++++ Data shown
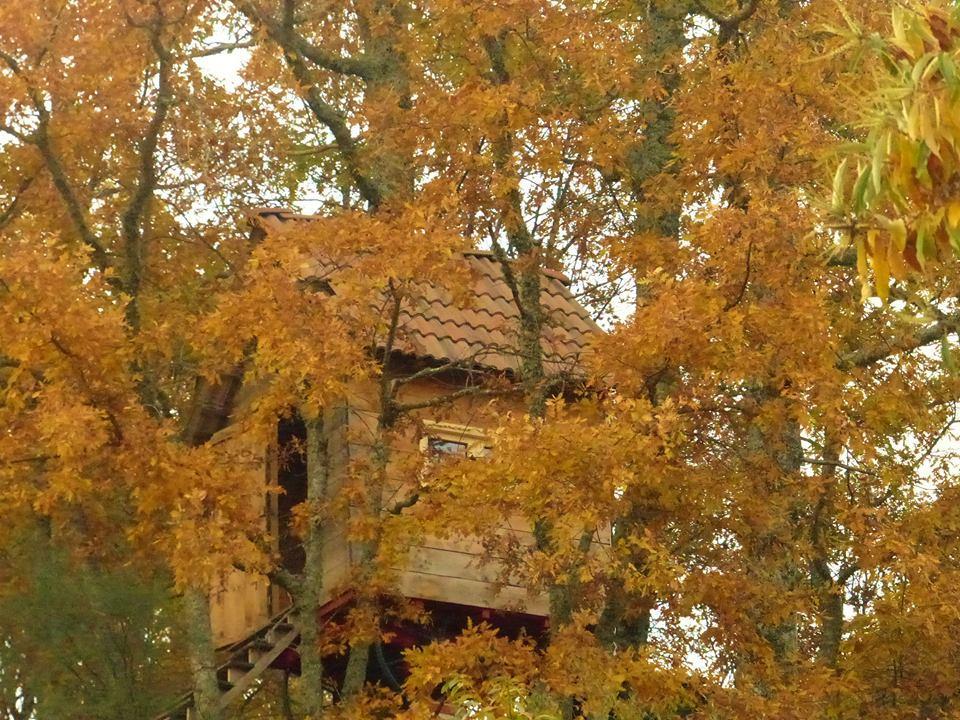 Quinta Das Colmeias Landhaus Lancao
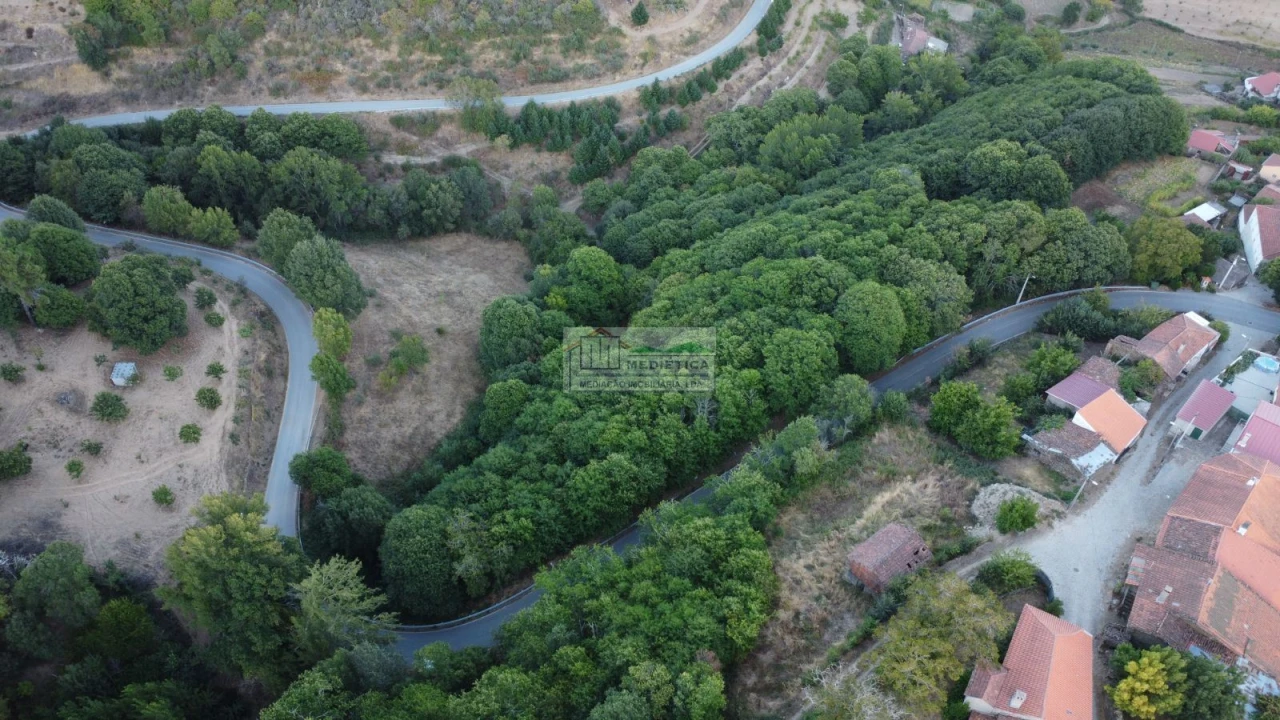 Quinta para Venda em Sambade Foto 13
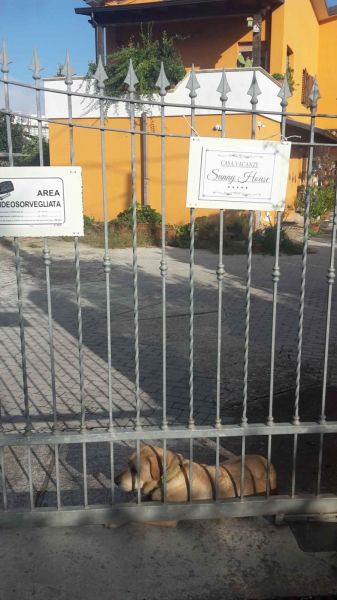 foto 8 Alquiler vacacional entre particulares Tropea appartement Calabria Vibo Valentia (provincia de) Entrada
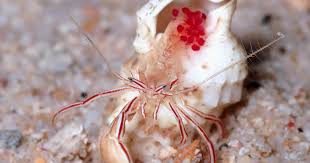 Image result for Crabbea kaessneri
++++++++
Exercise instructions:
Leaving out the pictures, transcribe the material above exactly.

Result:
 Quinta Das Colmeias Landhaus Lancao
 Quinta para Venda em Sambade Foto 13
 foto 8 Alquiler vacacional entre particulares Tropea appartement Calabria Vibo Valentia (provincia de) Entrada
 Image result for Crabbea kaessneri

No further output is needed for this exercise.